# REQUIRED WORK:
Which lines belong in the answer? Exactly those from the line containing "Funny Fouth Of" through the last line of the records below, repeated as written.

# PROVIDED DATA:
********

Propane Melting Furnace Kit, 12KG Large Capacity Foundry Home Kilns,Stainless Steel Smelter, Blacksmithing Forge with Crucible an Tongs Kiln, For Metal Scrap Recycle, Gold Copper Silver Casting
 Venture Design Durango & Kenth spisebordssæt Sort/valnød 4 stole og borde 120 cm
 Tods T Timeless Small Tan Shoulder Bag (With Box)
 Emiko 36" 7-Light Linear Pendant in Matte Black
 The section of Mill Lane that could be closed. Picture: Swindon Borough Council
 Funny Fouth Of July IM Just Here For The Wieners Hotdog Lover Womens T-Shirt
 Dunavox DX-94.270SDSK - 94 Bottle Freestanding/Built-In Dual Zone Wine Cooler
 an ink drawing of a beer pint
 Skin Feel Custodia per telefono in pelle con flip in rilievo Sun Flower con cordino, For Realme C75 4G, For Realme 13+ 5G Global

********

# SOLUTION BELOW:
 Funny Fouth Of July IM Just Here For The Wieners Hotdog Lover Womens T-Shirt
 Dunavox DX-94.270SDSK - 94 Bottle Freestanding/Built-In Dual Zone Wine Cooler
 an ink drawing of a beer pint
 Skin Feel Custodia per telefono in pelle con flip in rilievo Sun Flower con cordino, For Realme C75 4G, For Realme 13+ 5G Global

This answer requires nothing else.